I've a very simple job: SeqFile->Transformer->SeqFile.
I want to improve a performance.
There is a multi-processor system.
When I use the IPC stage I have a great performance.
But when I specify it implicitly by turning inter process
row buffering on via Data Stage Administrator,
a speed of reading the data like single-process mode job.
But I can see all of the processors are working
Thanks,
George
From sequential file to sequential flie there's not much you can do do parallize it... it's named sequential file for something. What you could is to do is split jobs to output to several files and then recombine them afterwards. but whether this would be really worth it.
Ogmios
In theory there's no difference between theory and practice. In practice there is.
admiral69 wrote:I've a very simple job: SeqFile->Transformer->SeqFile.

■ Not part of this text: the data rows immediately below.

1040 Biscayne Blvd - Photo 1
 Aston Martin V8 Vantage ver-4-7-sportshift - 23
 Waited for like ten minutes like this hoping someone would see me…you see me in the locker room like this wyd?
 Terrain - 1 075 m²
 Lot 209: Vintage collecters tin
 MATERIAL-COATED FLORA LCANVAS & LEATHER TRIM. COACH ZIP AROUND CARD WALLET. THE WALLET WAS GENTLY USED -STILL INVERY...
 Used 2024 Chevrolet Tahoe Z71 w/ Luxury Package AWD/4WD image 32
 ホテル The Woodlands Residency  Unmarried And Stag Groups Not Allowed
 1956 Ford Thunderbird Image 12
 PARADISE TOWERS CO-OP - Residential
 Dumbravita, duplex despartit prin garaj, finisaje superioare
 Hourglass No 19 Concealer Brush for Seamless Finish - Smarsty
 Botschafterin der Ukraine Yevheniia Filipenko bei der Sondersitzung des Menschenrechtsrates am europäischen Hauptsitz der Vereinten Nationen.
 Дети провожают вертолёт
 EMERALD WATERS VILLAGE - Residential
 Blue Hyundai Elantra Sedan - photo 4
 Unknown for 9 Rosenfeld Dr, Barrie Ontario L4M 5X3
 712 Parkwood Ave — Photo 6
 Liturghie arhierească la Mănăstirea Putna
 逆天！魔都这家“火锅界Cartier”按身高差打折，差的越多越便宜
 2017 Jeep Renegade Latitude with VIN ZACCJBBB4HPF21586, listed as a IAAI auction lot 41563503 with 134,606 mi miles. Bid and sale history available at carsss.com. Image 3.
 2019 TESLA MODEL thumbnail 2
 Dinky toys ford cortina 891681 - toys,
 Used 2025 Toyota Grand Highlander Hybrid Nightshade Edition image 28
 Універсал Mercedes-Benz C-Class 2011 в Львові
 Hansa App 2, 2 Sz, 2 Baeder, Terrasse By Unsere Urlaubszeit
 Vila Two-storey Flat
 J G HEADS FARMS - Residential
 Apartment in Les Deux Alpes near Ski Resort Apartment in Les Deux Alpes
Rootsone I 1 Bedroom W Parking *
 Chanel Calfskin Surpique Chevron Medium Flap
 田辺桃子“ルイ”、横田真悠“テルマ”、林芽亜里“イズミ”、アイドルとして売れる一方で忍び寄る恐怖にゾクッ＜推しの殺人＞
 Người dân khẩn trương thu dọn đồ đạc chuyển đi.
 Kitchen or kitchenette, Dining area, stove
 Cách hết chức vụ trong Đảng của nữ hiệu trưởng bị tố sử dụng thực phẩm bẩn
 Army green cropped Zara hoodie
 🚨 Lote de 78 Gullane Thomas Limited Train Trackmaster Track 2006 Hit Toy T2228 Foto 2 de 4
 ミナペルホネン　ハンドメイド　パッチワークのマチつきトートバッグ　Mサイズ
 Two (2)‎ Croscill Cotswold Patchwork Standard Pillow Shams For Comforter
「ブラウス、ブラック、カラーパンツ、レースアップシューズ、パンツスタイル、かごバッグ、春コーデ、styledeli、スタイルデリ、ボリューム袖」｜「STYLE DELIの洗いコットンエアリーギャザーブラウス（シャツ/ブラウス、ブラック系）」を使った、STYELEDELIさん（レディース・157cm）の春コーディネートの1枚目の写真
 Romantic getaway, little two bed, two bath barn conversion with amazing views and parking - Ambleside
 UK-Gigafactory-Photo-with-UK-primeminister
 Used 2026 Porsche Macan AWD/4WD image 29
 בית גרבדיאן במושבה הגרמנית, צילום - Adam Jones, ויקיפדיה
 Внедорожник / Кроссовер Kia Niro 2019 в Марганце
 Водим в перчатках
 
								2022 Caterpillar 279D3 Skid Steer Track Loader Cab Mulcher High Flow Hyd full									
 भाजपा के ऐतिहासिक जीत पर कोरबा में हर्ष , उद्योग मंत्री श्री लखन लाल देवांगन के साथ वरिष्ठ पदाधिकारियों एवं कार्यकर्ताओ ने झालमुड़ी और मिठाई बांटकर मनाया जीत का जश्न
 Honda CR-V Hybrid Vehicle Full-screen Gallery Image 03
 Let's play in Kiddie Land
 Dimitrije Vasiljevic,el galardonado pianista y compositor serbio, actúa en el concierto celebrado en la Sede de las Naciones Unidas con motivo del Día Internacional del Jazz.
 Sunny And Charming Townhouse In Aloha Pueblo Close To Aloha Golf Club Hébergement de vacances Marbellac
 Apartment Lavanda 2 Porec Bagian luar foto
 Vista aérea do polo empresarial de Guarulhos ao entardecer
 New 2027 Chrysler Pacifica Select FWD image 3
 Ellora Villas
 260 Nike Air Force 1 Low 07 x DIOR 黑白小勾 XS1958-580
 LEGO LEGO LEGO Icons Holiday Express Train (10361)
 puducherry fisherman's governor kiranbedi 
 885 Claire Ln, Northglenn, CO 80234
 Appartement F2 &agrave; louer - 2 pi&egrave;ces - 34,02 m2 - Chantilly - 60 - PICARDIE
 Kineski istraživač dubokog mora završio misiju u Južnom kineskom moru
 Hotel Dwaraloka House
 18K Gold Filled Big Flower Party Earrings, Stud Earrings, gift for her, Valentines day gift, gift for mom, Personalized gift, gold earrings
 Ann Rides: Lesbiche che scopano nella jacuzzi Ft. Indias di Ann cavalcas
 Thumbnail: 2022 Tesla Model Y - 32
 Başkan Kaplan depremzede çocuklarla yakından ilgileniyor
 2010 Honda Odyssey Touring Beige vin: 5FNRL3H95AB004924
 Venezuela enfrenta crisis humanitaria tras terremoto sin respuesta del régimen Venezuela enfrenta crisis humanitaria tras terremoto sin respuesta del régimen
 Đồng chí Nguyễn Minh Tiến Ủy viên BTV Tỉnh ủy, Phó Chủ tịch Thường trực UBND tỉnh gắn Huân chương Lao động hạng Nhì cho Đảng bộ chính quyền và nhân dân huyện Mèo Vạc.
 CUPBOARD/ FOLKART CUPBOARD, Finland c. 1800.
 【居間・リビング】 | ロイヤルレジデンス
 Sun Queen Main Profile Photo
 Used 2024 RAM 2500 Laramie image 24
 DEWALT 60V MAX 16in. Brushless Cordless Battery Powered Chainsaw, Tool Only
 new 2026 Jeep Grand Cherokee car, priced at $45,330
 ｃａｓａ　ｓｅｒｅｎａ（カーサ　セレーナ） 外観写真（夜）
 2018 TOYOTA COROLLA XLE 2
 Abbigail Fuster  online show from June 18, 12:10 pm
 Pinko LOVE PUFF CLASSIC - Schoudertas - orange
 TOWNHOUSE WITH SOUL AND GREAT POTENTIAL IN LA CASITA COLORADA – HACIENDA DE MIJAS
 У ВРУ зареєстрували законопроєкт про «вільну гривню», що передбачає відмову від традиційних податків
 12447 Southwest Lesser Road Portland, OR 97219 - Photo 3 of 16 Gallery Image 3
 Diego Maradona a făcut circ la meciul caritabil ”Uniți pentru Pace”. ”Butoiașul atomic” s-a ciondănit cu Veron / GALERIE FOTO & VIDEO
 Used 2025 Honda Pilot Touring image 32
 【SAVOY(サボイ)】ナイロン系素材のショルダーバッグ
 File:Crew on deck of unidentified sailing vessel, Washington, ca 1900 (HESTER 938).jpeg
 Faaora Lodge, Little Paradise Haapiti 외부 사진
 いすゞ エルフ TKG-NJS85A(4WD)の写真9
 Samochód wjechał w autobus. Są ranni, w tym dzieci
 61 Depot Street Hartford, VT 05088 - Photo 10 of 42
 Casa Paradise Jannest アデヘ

I want to improve a performance.
There is a multi-processor system.
When I use the IPC stage I have a great performance.
But when I specify it implicitly by turning inter process
row buffering on via Data Stage Administrator,
a speed of reading the data like single-process mode job.
But I can see all of the processors are working
Thanks,
George
If I recall correctly turning the automatic buffering in DataStage will only insert the IPC between two active stages. In you case the only active stage that you have is the one transformer so no IPC stage was inserted.
Shawn Ramsey
"It is a mistake to think you can solve any major problems just with potatoes."
-- Douglas Adams
We use the IPC stage quite frequently in this type of a scenario and have seen some significant performance benefits. It has less with paralleization of the processing of rows and more with splitting the processing of the single stream across multiple processors. The biggest benefit we have seen is where the source is a complex flat file and the destination is sequential. CFF -> IPC -> Xfrm -> Sequential.
Shawn Ramsey
"It is a mistake to think you can solve any major problems just with potatoes."
-- Douglas Adams
We use the IPC stage quite frequently in this type of a scenario and have seen some significant performance benefits. It has less with paralleization of the processing of rows and more with splitting the processing of the single stream across multiple processors. The biggest benefit we have seen is where the source is a complex flat file and the destination is sequential. CFF -> IPC -> Xfrm -> Sequential.
We also use it in more complicate job, but the question is - why the performance is different if I use implicitly option via DataStage Administrator?
Because, as Shawn rightly said, implicit row buffering only occurs on a link that joins two active stages. Your job design only has one active stage (the Transformer stage).
Explicit IPC stages force a process boundary to exist.
IBM Software Services Group
Any contribution to this forum is my own opinion and does not necessarily reflect any position that IBM may hold.
Have you tried using the LINK PARTITIONER stage. It will allow a single input stream to be split up to 64 ways thereby utilising the SMP architecture (you need to have the Inter-Process option selected).
Have you tried using the LINK PARTITIONER stage. It will allow a single input stream to be split up to 64 ways thereby utilising the SMP architecture (you need to have the Inter-Process option selected).
Yep, I also use this stage.
Thank you all for your posts